Top of INPUT FOR THIS TASK
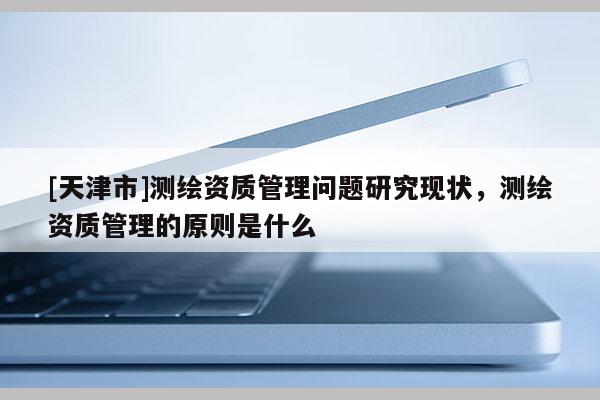 [天津市]测绘资质管理问题研究现状，测绘资质管理的原则是什么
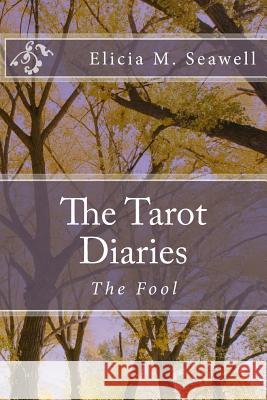 The Tarot Diaries: The Fool Elicia M. Seawell 9781514325056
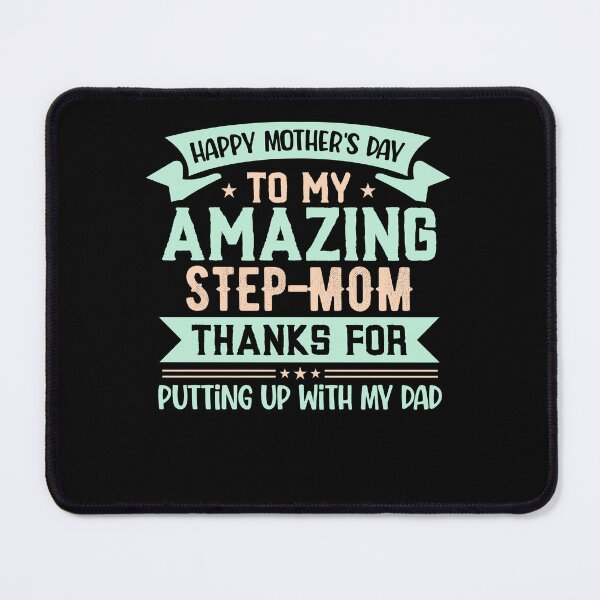 Item preview, Happy Mother's Day To My Amazing Step Mom Thanks For Putting Up With My Dad designed and sold by KAWKAW-DRHM.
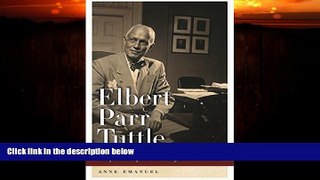read here  Elbert Parr Tuttle: Chief Jurist of the Civil Rights Revolution (Studies in the Legal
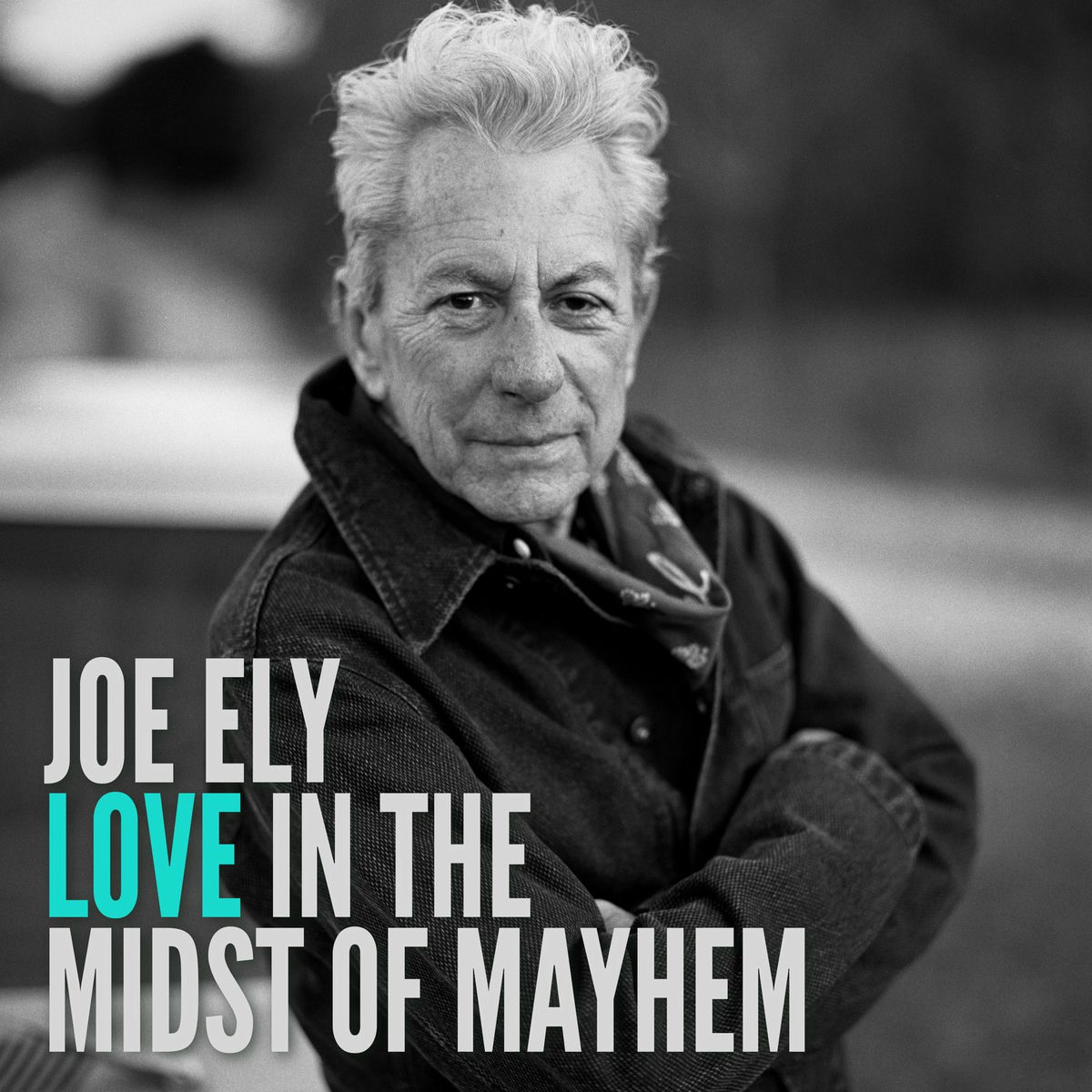 Album cover of Love in the Midst of Mayhem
Bottom of INPUT FOR THIS TASK
- [WHAT THE TASK ASKS]:
Starting where a line contains "Item preview, Happy" and finishing at the last line above, set down every line exactly as it reads, with no pictures.

- [THE COMPLETED TASK]:
 Item preview, Happy Mother's Day To My Amazing Step Mom Thanks For Putting Up With My Dad designed and sold by KAWKAW-DRHM.
read here  Elbert Parr Tuttle: Chief Jurist of the Civil Rights Revolution (Studies in the Legal
 Album cover of Love in the Midst of Mayhem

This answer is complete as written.